I used to love The Walking Dead, but I gave it up around the time Negan baseball batted [spoiler redacted] and I realized the rest of the show was just going to be messy misery porn. I’m not advocating for this, but the tidy way all these episodes in Earthside are wrapped up and the good guys get to sleep at night after sending someone to be devoured, screaming, by raptors, is messed up. Walking Dead deals with Negan a different way, and one that I think while not necessarily being more realistic, at least deals with the fact that summary justice is not a good solution. Maybe the Earthside characters didn’t have much of a choice, it’s not like they can build and maintain a jail system easily, but the literal cheering crowds who have, and I’m not making this up, already made up their minds before the trials start, terrified me more than any environmental danger the main characters face. It’s not that I’m drawing parallels to mobs controlling our modern culture or anything like that. I don’t subscribe to that viewpoint, it’s bullshit catastrophizing from people who are afraid that the world is continuing to evolve around them. it’s more that I think within two generations of a society with this brand of justice, the main characters or their immediate descendants are going to be fed to the raptors sooner than not.

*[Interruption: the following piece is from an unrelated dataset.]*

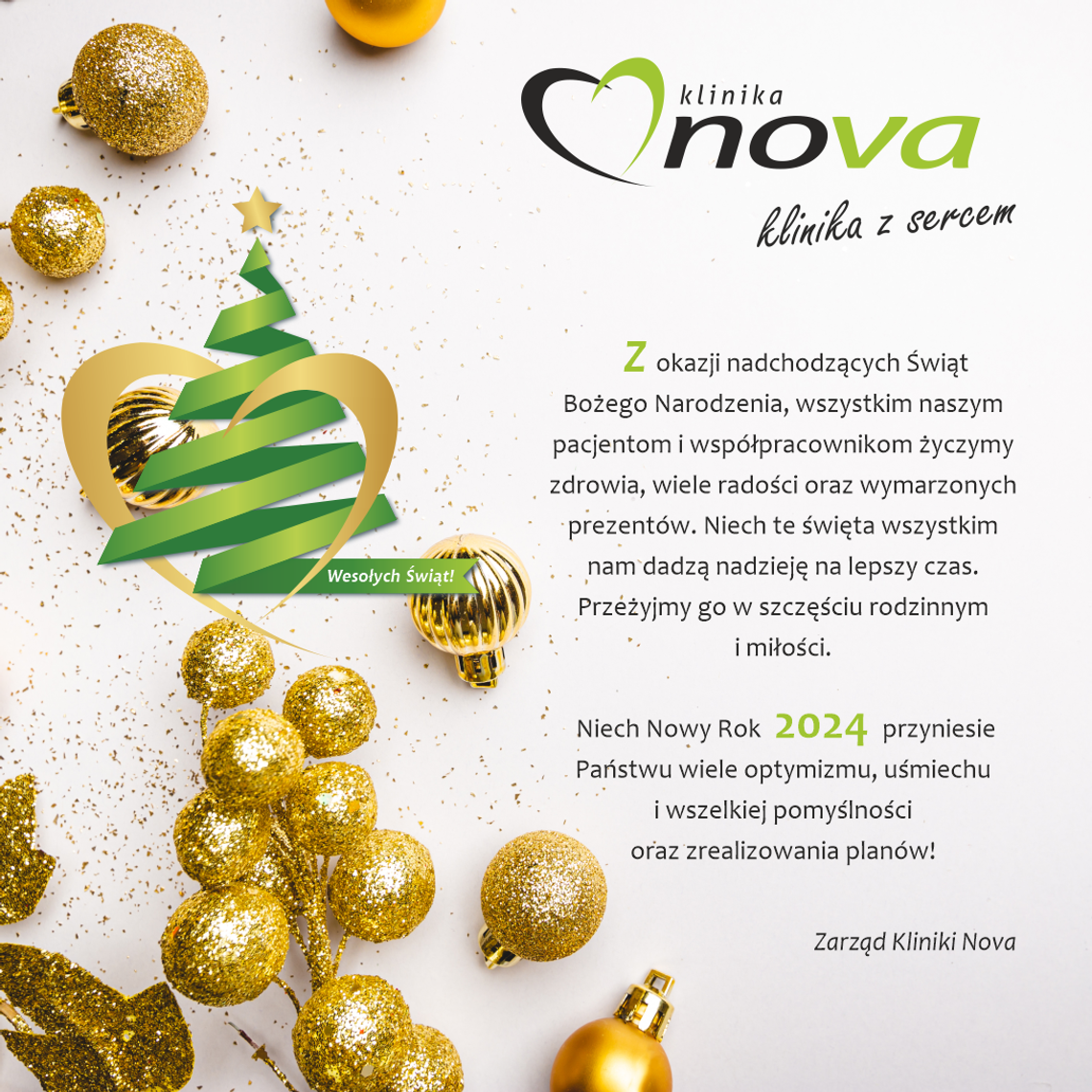 Życzenia bożonarodzeniowe i noworoczne Kliniki Nova dla Czytelników KK24.pl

Summary justice is not sustainable.
Then come the politics. Here Taylor does a good job of pointing out that a society made up of college kids isn’t going to have the most realistic viewpoints, and he explores some good things around ageism, bizarre libertarianism, and also the limits of green philosophy. But once again, when we get to the actual settlement of these issues, we have a clean and tidy solution to a super complex problem that only works because the bad guys are SO bad that there could be no question of an alternative. It’s like Taylor didn’t want to handle these issues at all, so he did them in the most minimal way possible, keeping them from ever actually being an issue that needed handling, just swept under the rug and moved on from. So why bring them up in the first place?
Read Earthside if you enjoyed Outland, the engineering porn is still there and the problem solving is fun. I rate it a thorough “meh.”